そして長らく「書」の倉庫を管理してきた官吏たちは、あからさまに「輸入超過」(←百年越しの素敵な素敵な片想い!)である「書」の流通と、輸出が好調である「ビデオゲーム」という名の二次元表現の流通の間に互換性を認めて、輸出入の相殺、「等価交換」が可能であるという理論もしくは科学もしくは美学もしくは宗教もしくは政治もしくは財務計算が成り立てば、長年の輸入超過を相殺できるかもしれないと考えつつあるらしい。

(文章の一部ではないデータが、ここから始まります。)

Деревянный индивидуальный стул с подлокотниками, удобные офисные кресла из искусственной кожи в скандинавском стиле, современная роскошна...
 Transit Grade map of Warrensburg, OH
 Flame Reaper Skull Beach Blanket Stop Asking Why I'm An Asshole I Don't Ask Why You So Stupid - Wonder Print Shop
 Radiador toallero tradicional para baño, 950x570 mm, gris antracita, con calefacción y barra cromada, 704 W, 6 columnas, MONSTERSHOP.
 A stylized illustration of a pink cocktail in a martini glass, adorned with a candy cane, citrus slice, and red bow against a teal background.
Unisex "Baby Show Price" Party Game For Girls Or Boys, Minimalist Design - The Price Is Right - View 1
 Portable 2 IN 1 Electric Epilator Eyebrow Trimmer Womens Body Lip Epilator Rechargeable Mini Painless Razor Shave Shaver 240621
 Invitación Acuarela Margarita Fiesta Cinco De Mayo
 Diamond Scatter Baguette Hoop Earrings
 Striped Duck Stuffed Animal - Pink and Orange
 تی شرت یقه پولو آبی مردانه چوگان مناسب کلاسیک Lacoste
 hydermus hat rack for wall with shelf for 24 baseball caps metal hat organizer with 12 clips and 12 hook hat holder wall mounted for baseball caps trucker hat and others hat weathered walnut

参考:http://d.hatena.ne.jp/tsiraisi/20130220/p1

ユーラシア大陸の反対側で綴られた書物の「読み方」の位置づけすら、はたして大丈夫なのか、はっきりしないところへ持ってきて、なんとも壮大な大技を構想したものだと思うけれど、

吉田寛先生の双肩にかかる期待は、とてつもなく大きいと言わざるを得まい。希代のほら吹きで終わるのか、それとも、「書の国」を救う偉人、マルクスを超える東アジア発祥の「二次元表現の資本論」の発案者として後世に名を残すのか!

日本人のための世界史入門 (新潮新書)

日本人のための世界史入門 (新潮新書)

今ニッポンで最も多くの「物語」を読み、片想いを語らせれば右に出る者のない小谷野敦のクラシック音楽観が信じがたいほど無骨であることは、書の国ニッポンと音楽の国ドイツが決して「相思相愛」ではありえないことの何よりの証左であり、「音楽の国」に懸想した人々の熱に浮かされた不出来な物語はオトナの鑑賞に耐えない、ということでもあろう。丸山昌男がドイツ音楽ファンであったというような「美談」に我々は惑わされてはいけないのである。